Working data »
>>>

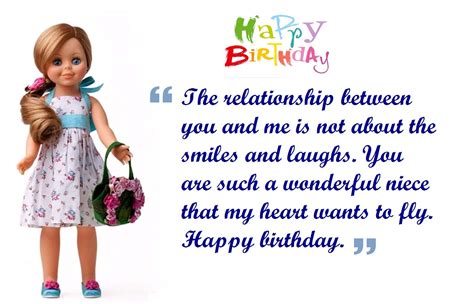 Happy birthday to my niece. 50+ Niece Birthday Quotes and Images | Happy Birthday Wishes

<<<
>>>

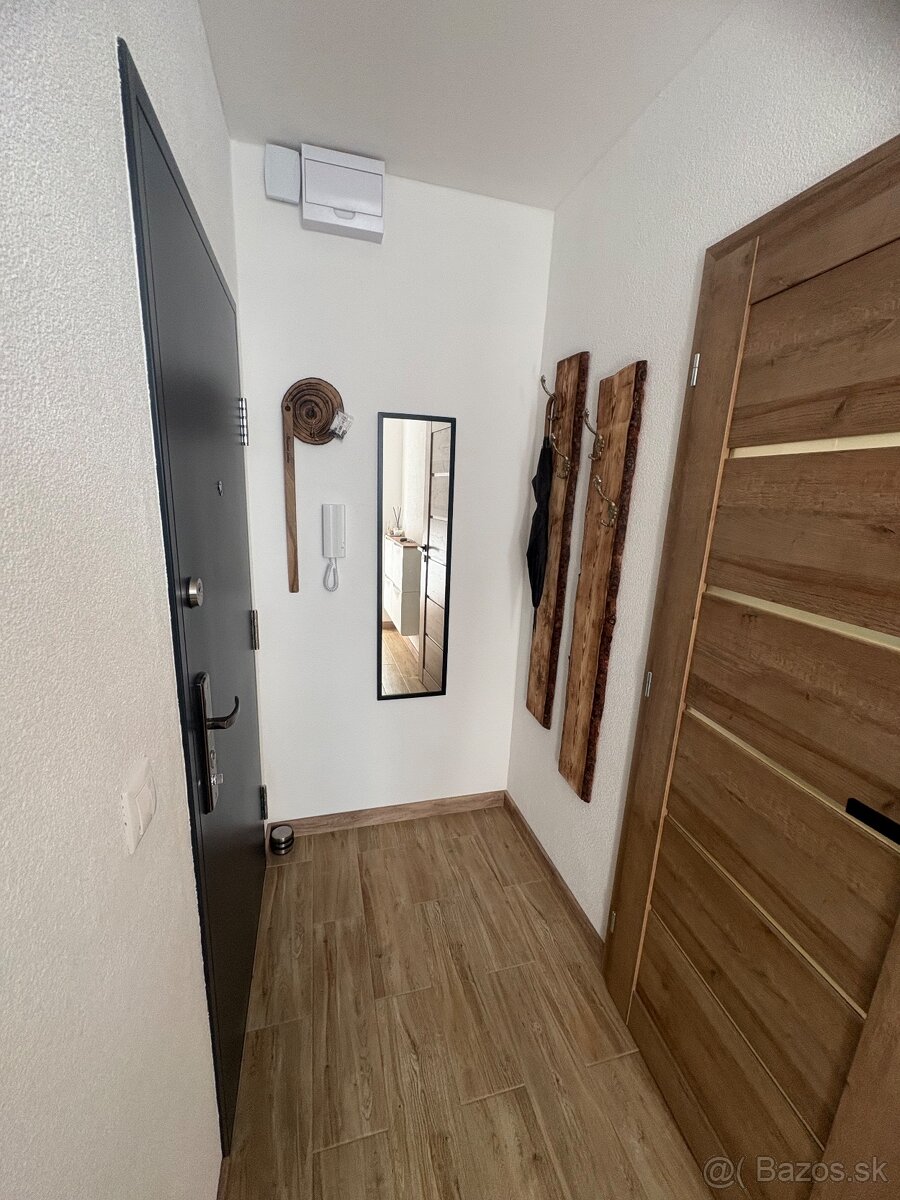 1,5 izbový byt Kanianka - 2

<<<
>>>

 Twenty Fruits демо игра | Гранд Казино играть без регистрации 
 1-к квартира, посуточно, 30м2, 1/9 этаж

<<<

What to work on »
Look above for the line with "Twenty Fruits демо" and the line with "1-к квартира, посуточно, 30м2, 1/9 этаж"; transcribe both and all lines in between, exactly, and nothing else.

Result of this exercise »
 Twenty Fruits демо игра | Гранд Казино играть без регистрации 
 1-к квартира, посуточно, 30м2, 1/9 этаж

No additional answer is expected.